Ensuite, lorsque le mot a été donné de soutenir Moshe Leon, un courant de l’ultra-orthodoxie a fait rébellion: les hassidims. Le Conseil des Sages de la Torah n’a en effet donné aucune consigne à ses fidèles, laissant libres de choisir quelque 30’000 personnes qui en partie, se sont tournées vers Ofer Berkovitch. «Comment le parti Yaadout Hatorah qui réunit ces ultra-orthodoxes ashkénazes va-t-il gérer ces dissensions au Parlement, sur le plan national? Ça va être très intéressant», relève Gayil Talshir, chercheuse en science politique à l’Université hébraïque de Jérusalem.

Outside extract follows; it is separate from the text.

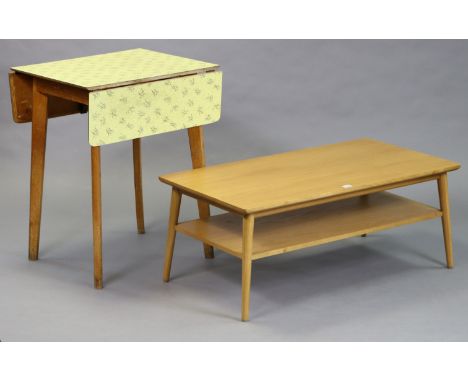 A light oak rectangular two-tier low coffee table on round tapered legs, 97.75cm wide x 40.5cm high x 50cm deep; &amp; a retr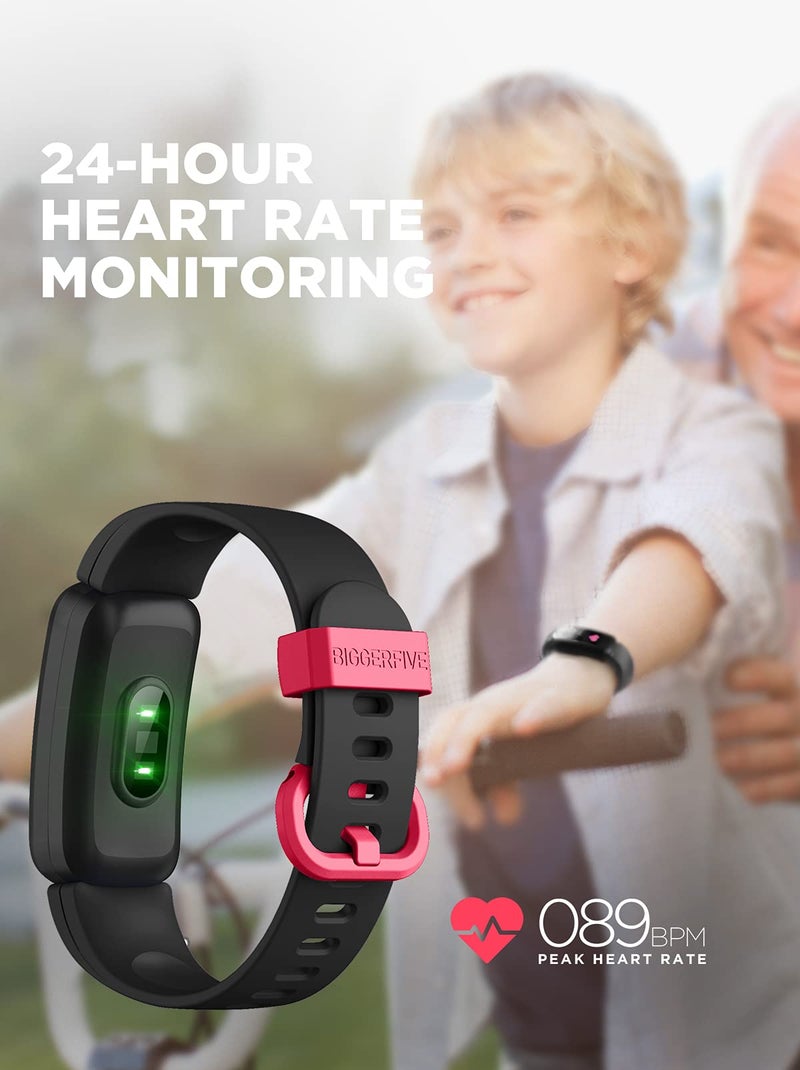BIGGERFIVE ساعة تتبع اللياقة البدنية للأطفال BIGGERFIVE Vigor للفتيات والفتيان من عمر 5-15، مقاومة للماء IP68، متعقب النشاط، عداد الخطوات، مراقب معدل ضربات القلب والنوم، ساعة عداد السعرات الحرارية والخطوات - Image 4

Troisième révolution au pays des «noirs», comme on les appelle en Israël: plusieurs ont désobéi aux consignes de vote de leur rabbin. Un acte de défiance rare qui peut s’expliquer par le fossé générationnel entre la jeune génération des haredims et leurs rabbins toujours plus vieux, pas toujours à même de comprendre le monde moderne dans lequel vivent leurs ouailles.
Une épouse bien seule
Aux yeux de certains Israéliens laïques qui vivent à Jérusalem, ces élections ne changent rien à l’affaire: la ville déjà très religieuse (79% de sa population juive est pratiquante, voire très pratiquante) se transforme en règne de l’ultra-orthodoxie. «L’épouse de Moshe Leon était la seule femme visible sur les photos le montrant la nuit de la victoire, entourée de centaines de haredims au Mur des Lamentations», déplore Gayil Talshir.
Plus largement, la chercheuse relève que l’expansion de la population ultra-orthodoxe «qui cherche à acheter des appartements aussi dans des quartiers laïcs, puis à y ouvrir des écoles religieuses», pousse la population laïque à partir s’installer en périphérie voire dans d’autres villes comme Tel-Aviv. Une tendance que l’élection de Moshe Leon pourrait accentuer alors que l’économie de la ville, décrite par un éditorialiste du quotidien Haaretz comme «la plus pauvre, la plus sale, la plus religieuse et la plus divisée» du pays, dépend beaucoup des emplois et des services fournis par sa population moins observante.